There’s just so much going on in my head. Last week, I went to the foot and ankle surgeon. He declared my feet “terrible”. (Most surgeons I’ve met are a little more, shall we say, diplomatic than that.) Now if you were to look at them, they would seem like fairly normal, maybe a bit chubby feet, to you. The inside story, as told by the x-rays, reveals a mess of eroded bones in the mid-foot, jumbled together without joint spaces. My “bunion” joints, however, are unaffected by the disease – go figurrre. Anyway, my next conservative measure is to add rocker bottoms to my orthopedic combat boots. And, if I still can’t walk comfortably after that, I will be offered a total foot reconstruction involving multiple incisions, steel plates, and cadaver bone grafts, followed by 3+ months non-weight bearing and lots of physio. (It sounds to me like the kind of thing people that people have to have after really bad motorcycle or industrial accidents.) The FandA guy said that the surgery would make a knee replacement look like a walk in the park. OK then. So I need to be thinking long and hard about this, and I am.
So, I go and have rocker soles installed next week. And meanwhile, I think about the next move in this PsA chess game. If rocker bottoms don’t do it for me, do I even consider undertaking such a serious surgery? Or do I put “paid” to the notion, turn the page, and move on (with my mobility scooter)? I should add that I’m very, very good at surgery and rehab: I sailed through two knees and a hip, and my ortho considers me one of his stars. But this is different.
And even if I contemplate the foot surgery from hell, is recovery going to be impossible at all with a BMI of 36 or 37? How can I expect my foot to heal with that kind of weight on it? Twenty years of undiagnosed disease, pain, inflammation and immobility has left me insulin resistant, leptin resistant and 80 pounds heavier than I was in my pre-PsA days. Weight loss is the answer, of course.

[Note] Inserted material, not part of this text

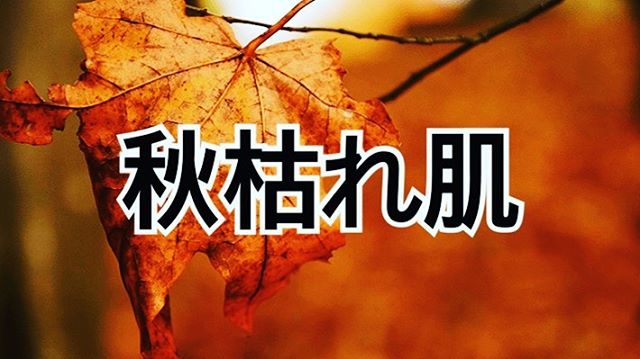 10月になり、日に日に秋らしい風を感じるようになりました。蒸し暑い夏もやっと去り、過ごしやすい季節の訪れを感じさせてくれますね。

Easy to say, but at 62 and sedentary, albeit unwillingly (I am, by nature, an athletic busybody), we all know the chances of weight loss success without some kind of drastic intervention. The notion of weight loss surgery is on my mind, and I’m seriously considering running it by my doctor. I am at the very lowest end of the BMI scale for eligibility, but with my PsA and particularly my foot issues, I suspect I could be a candidate if I wanted. And apparently, after the kind of weight loss some people achieve, other problems like high blood pressure and cardiac risks diminish as well. That would certainly be a bonus. Should I consider weight loss surgery before I even let myself contemplate foot reconstruction?
But … but … but. Am I mentally strong enough to go through all of that? Will I regret it, and be left with another “disability”? Haven’t I been through enough already with PsA? Is there even a fighting chance that I’ll ever walk painfree again?